De acordo com os cientistas do King’s College London, responsáveis pelo estudo, uma das principais vantagens do KCL-286 é que ele já concluiu a fase 1 dos ensaios clínicos, etapa que avalia a segurança e a tolerância de um medicamento em humanos. Isso pode reduzir drasticamente o tempo necessário para o desenvolvimento de novos medicamentos.
Reparar o DNA: Uma Nova Abordagem
As pesquisas sobre Alzheimer tradicionalmente se concentraram em combater as proteínas beta-amiloide e tau. No entanto, os cientistas começaram a investigar outros processos que surgem nas fases iniciais da doença, como a inflamação e os danos ao DNA. O novo estudo se focou nesse mecanismo, demonstrando que o KCL-286 pode reparar danos no DNA e reduzir a inflamação.
Os resultados mostram que o KCL-286 atua ativando uma proteína ligada à via do ácido retinoico, um conjunto de reações químicas que participa do processamento da vitamina A pelo organismo. Além disso, o medicamento promove o reparo de quebras de dupla fita de DNA, um dos danos mais graves que podem ocorrer no material genético.
Uma Estratégia para Atacar Vários Processos da Doença
A equipe de cientistas observou que lesões agudas da medula espinhal e a doença de Alzheimer compartilham algumas vias moleculares.

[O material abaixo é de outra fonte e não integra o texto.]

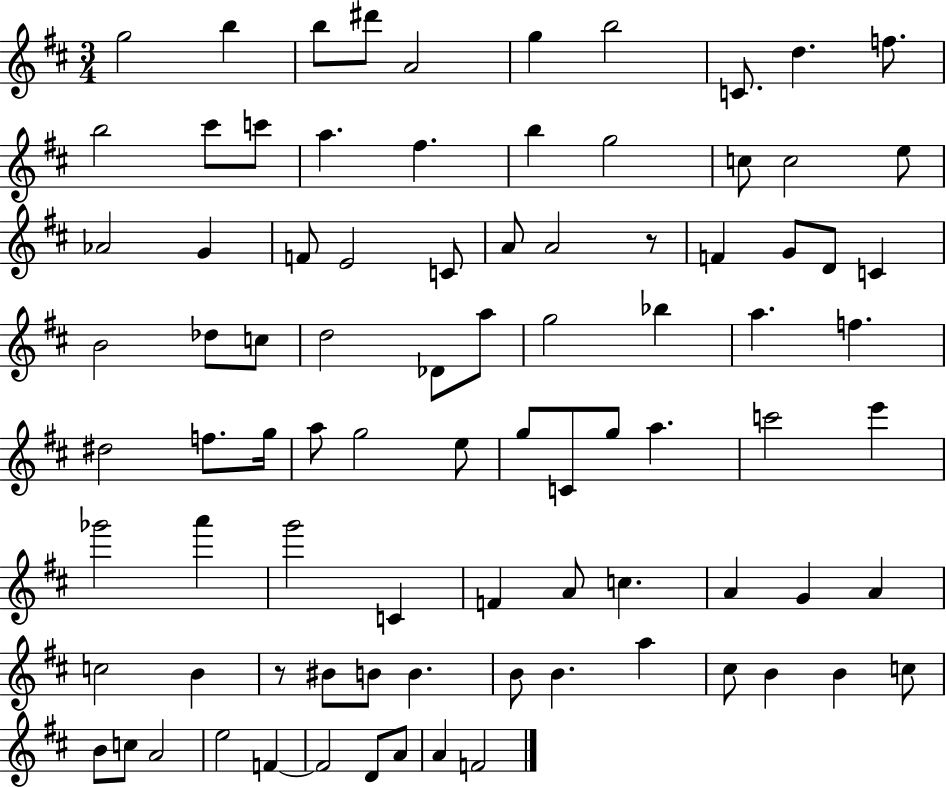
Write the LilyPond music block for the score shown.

{
  \clef treble
  \numericTimeSignature
  \time 3/4
  \key d \major
  g''2 b''4 | b''8 dis'''8 a'2 | g''4 b''2 | c'8. d''4. f''8. | \break b''2 cis'''8 c'''8 | a''4. fis''4. | b''4 g''2 | c''8 c''2 e''8 | \break aes'2 g'4 | f'8 e'2 c'8 | a'8 a'2 r8 | f'4 g'8 d'8 c'4 | \break b'2 des''8 c''8 | d''2 des'8 a''8 | g''2 bes''4 | a''4. f''4. | \break dis''2 f''8. g''16 | a''8 g''2 e''8 | g''8 c'8 g''8 a''4. | c'''2 e'''4 | \break ges'''2 a'''4 | g'''2 c'4 | f'4 a'8 c''4. | a'4 g'4 a'4 | \break c''2 b'4 | r8 bis'8 b'8 b'4. | b'8 b'4. a''4 | cis''8 b'4 b'4 c''8 | \break b'8 c''8 a'2 | e''2 f'4~~ | f'2 d'8 a'8 | a'4 f'2 | \break \bar "|."
}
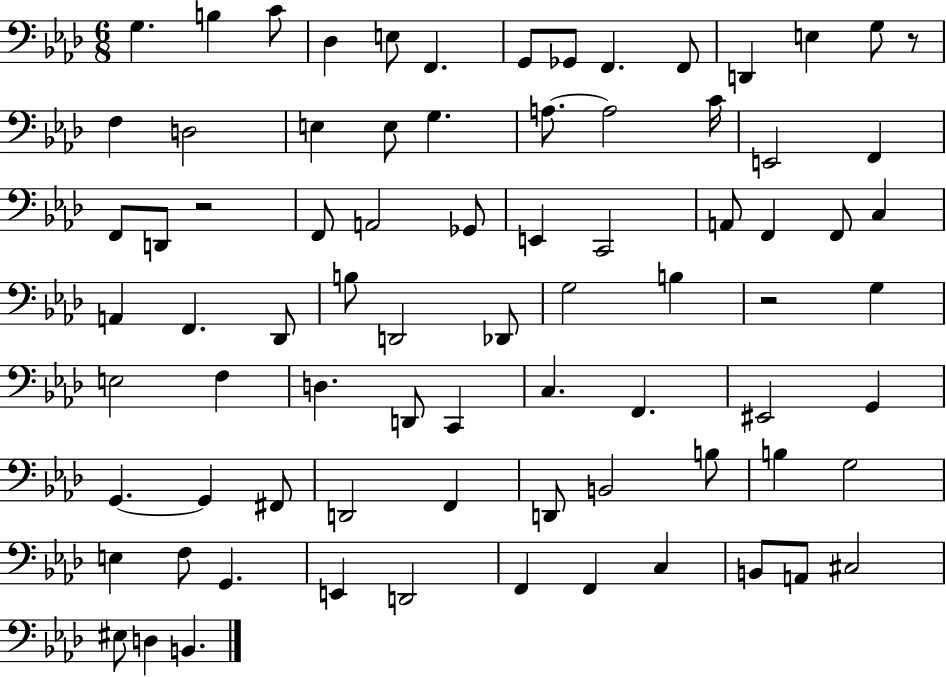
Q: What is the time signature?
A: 6/8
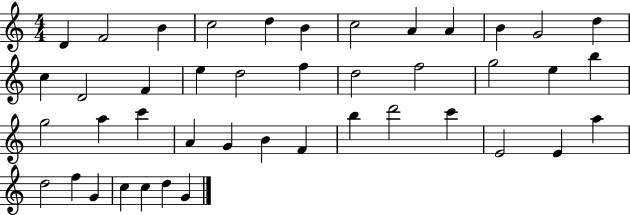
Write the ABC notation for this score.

X:1
T:Untitled
M:4/4
L:1/4
K:C
D F2 B c2 d B c2 A A B G2 d c D2 F e d2 f d2 f2 g2 e b g2 a c' A G B F b d'2 c' E2 E a d2 f G c c d G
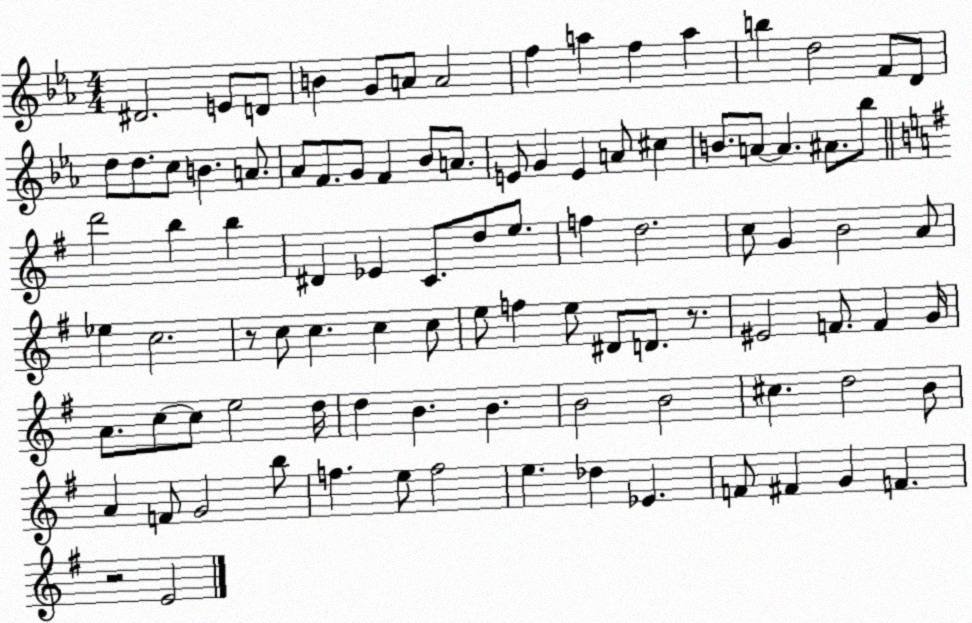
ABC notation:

X:1
T:Untitled
M:4/4
L:1/4
K:Eb
^D2 E/2 D/2 B G/2 A/2 A2 f a f a b d2 F/2 D/2 d/2 d/2 c/2 B A/2 _A/2 F/2 G/2 F _B/2 A/2 E/2 G E A/2 ^c B/2 A/2 A ^A/2 _b/2 d'2 b b ^D _E C/2 d/2 e/2 f d2 c/2 G B2 A/2 _e c2 z/2 c/2 c c c/2 e/2 f e/2 ^D/2 D/2 z/2 ^E2 F/2 F G/4 A/2 c/2 c/2 e2 d/4 d B B B2 B2 ^c d2 B/2 A F/2 G2 b/2 f e/2 f2 e _d _E F/2 ^F G F z2 E2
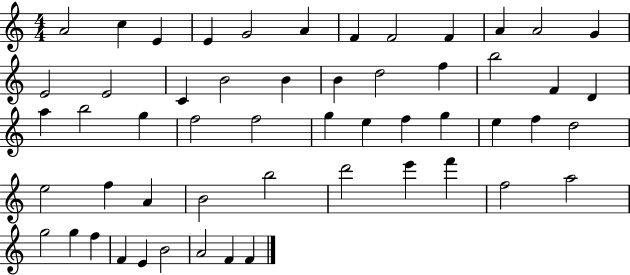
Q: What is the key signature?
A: C major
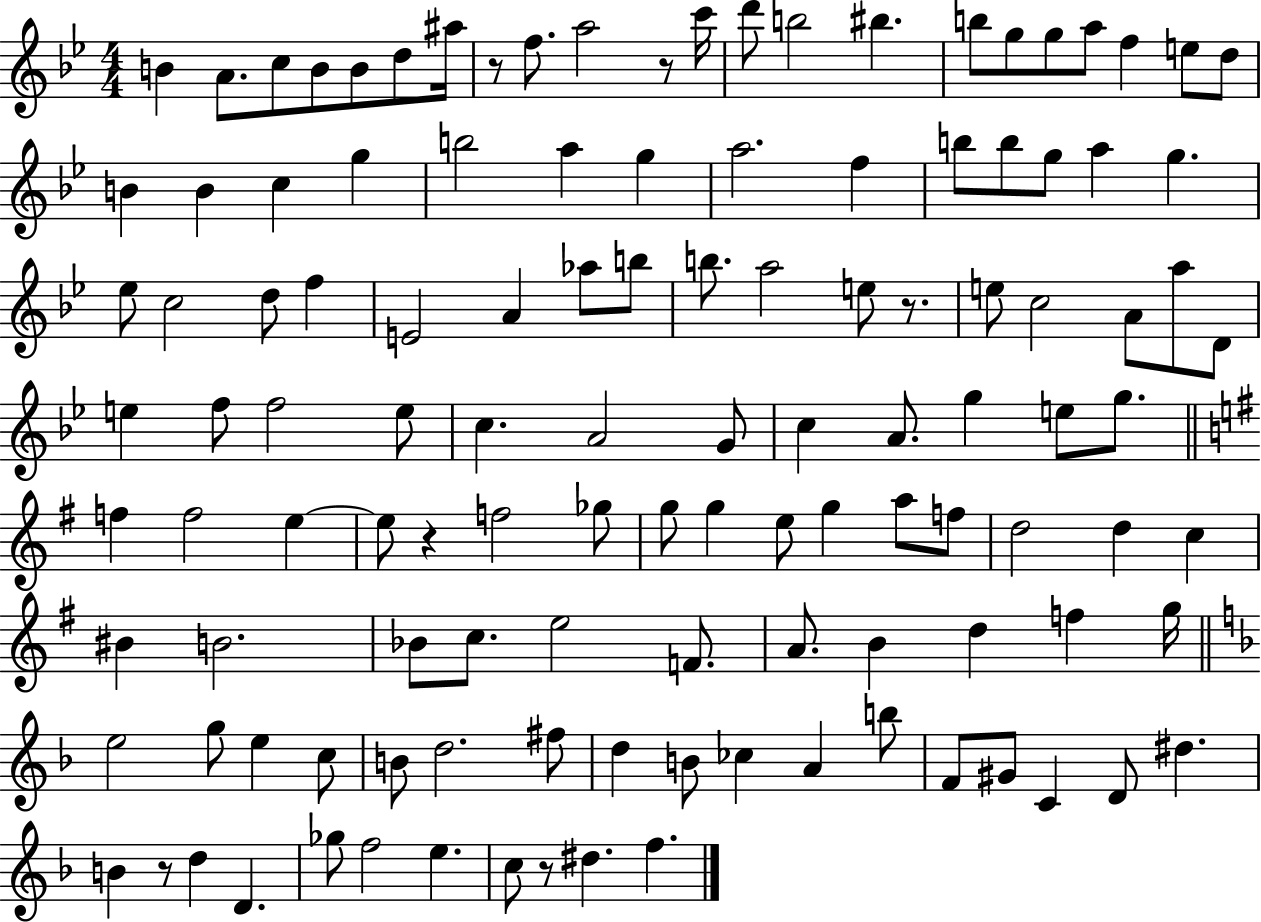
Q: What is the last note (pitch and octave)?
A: F5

Isso levou à investigação de se um medicamento criado para um problema neurológico poderia ser reaproveitado para outro, estratégia conhecida como reposicionamento de fármacos.
Nos experimentos, o composto mostrou capacidade de reduzir diversos marcadores associados ao Alzheimer nos neurônios. Isso reforçou a hipótese de que atuar sobre vários processos simultaneamente pode produzir resultados mais expressivos do que intervenções direcionadas a apenas um alvo biológico.
Embora as conclusões sejam consideradas promissoras, os pesquisadores ressaltam que os resultados foram obtidos em camundongos. Isso significa que ainda serão necessários novos estudos para confirmar se os mesmos benefícios podem ser observados em pessoas com Alzheimer.
- O KCL-286 já passou pela primeira etapa de testes de segurança em humanos.
- O medicamento pode representar uma nova geração de tratamentos voltados não apenas ao controle dos sintomas, mas também à desaceleração da progressão da doença.
- A equipe de cientistas está otimista em relação ao potencial do KCL-286 para tratar a doença de Alzheimer.